The incentive on Bobbie's part is even less creditable, for it is now established beyond all doubt that the unhappy Blithers, in order to ingratiate himself, pilfered (yes, I am sorry that I am unable to substitute a milder term, but that is the exact expression)—pilfered from his father's stock small but frequent supplies when their united pocket-money had become exhausted. I am perfectly well aware that no criminal action is being taken in the matter; that Blithers senior has been so weak-minded as to declare publicly that for the first time in his life he is proud of his son; and that a number of ridiculous comparisons have been made to the tenacity of a Dalton, the diffidence of a Cavendish, the fortuitous energy of a Priestley, and so on, but the one reliable fact standing among a mass of pretension and fulsome adulation is that this so-called new mineral owes its isolation to theft, and all who countenance its soi-disant "discoverer" are directly encouraging a felony.

About this time I finished a series of investigations on which I had been engaged in connection with our celebrated Campton chalybeate spring. It is usually referred to here as "celebrated," though I have never met any living soul ten miles beyond the Campton market cross who had ever heard of it; and one has to travel very little farther than that to find a majority who have even heard of Campton. Yet it has been conclusively proved that in similar circumstances the Campton water would be equally efficacious as that of Contrexéville, and competent local authorities have been unable to detect any inferiority in it to the products of Spa, Schwalbach, or Pyrmont; while, coming nearer home, it is frequently admitted that under capable development Campton might reasonably aspire to usurp the position of Harrogate as a health resort. In this labour, apart from the fascination of verifying the results of previous analysts, I confess that I had a second object.

I have already spoken of our distinguished resident, Sir Walter Bent. I had long recognised the advantage which would lie in being associated scientifically with this great man, and in consequence I had frequently placed myself in such a position that a meeting under the most favourable auspices might be reasonably brought about. Unfortunately, Sir Walter did not enter at all into the social life of the district, and his memory was so bad, or his pre-occupation so great, that my discreet advances, which the easy etiquette of the countryside permitted on our chance encounters led to nothing.

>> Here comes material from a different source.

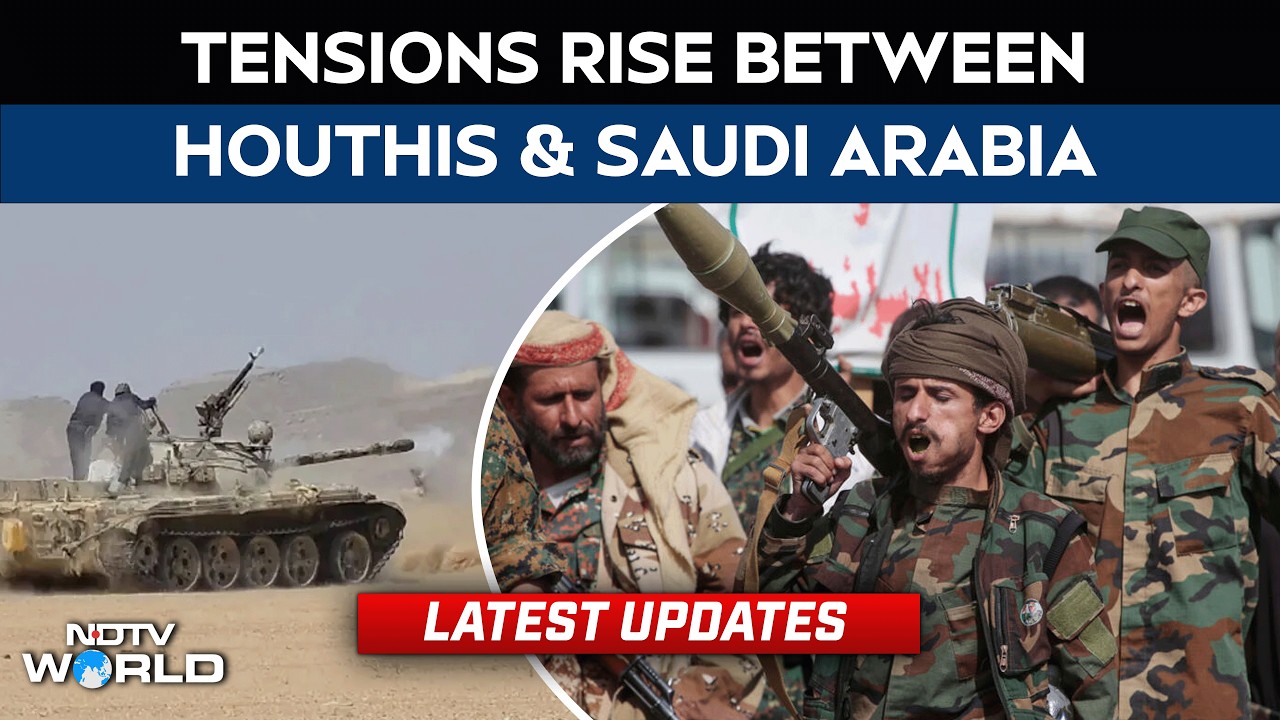 Mecca Attack | Houthis Claim It Shot Down F-15 Fighter Jet Operated by Saudi-led Coalition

On one occasion, for a period of a week, I spent every day, beginning at a very early hour indeed, geologising in some disused lime-pits a couple of miles outside the village on the Cornwall road. From a monograph which he had recently contributed to one of the reviews, I knew that Sir Walter was keenly interested in the Devonian strata, so that when I heard in an indirect way that he had spoken of spending that week working in the Cornwall road, the deduction was a very natural one on my part. The opportunity of being there before him and almost, as it were, receiving him attracted me.

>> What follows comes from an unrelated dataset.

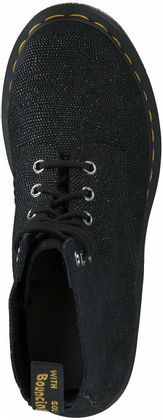 Dr. Martens Damen-Schnürboots 102007878566 (Schwarz)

As I have said, I did actually carry out this idea, and through a week of very unpleasant weather I resolutely held my ground, although the early start, the conditions under which I took my meals, and the uncongenial nature of the occupation (in which I felt no real interest) tried my patience repeatedly. At the end of the week as I passed the railway station on my way home I discerned the object of all my amiable strategy alighting from the London train. I then learned that he had been up in town all the time, carrying on some research at the Natural History Museum, and that his reference had in reality been to Cromwell Road, which the artless Willet had either misheard or simple-mindedly confused with the better-known local highway.

I will not deny that this experience depressed me, and for the next few months I retained a conviction that independent research on my part would be the most beneficial to science in the end. Then, however, it was reported that Sir Walter had been taking the Campton water, and had derived some benefit from it; the project for developing the property was again raised, and the moment seemed an auspicious one for me to identify myself prominently with the subject. Doubtless I had referred to the work I had taken in hand to Henry in Bobbie’s hearing, for during the first few days the boy had been persistent in his usual vein.

"Oh, uncle, you'll let me help you with the analysis, won't you?" he had cried excitedly, as soon as his father had gone, and even my reply that the work was of far too delicate a kind to be entrusted in any detail to the rough-and-ready practice of a school-boy did not repress him.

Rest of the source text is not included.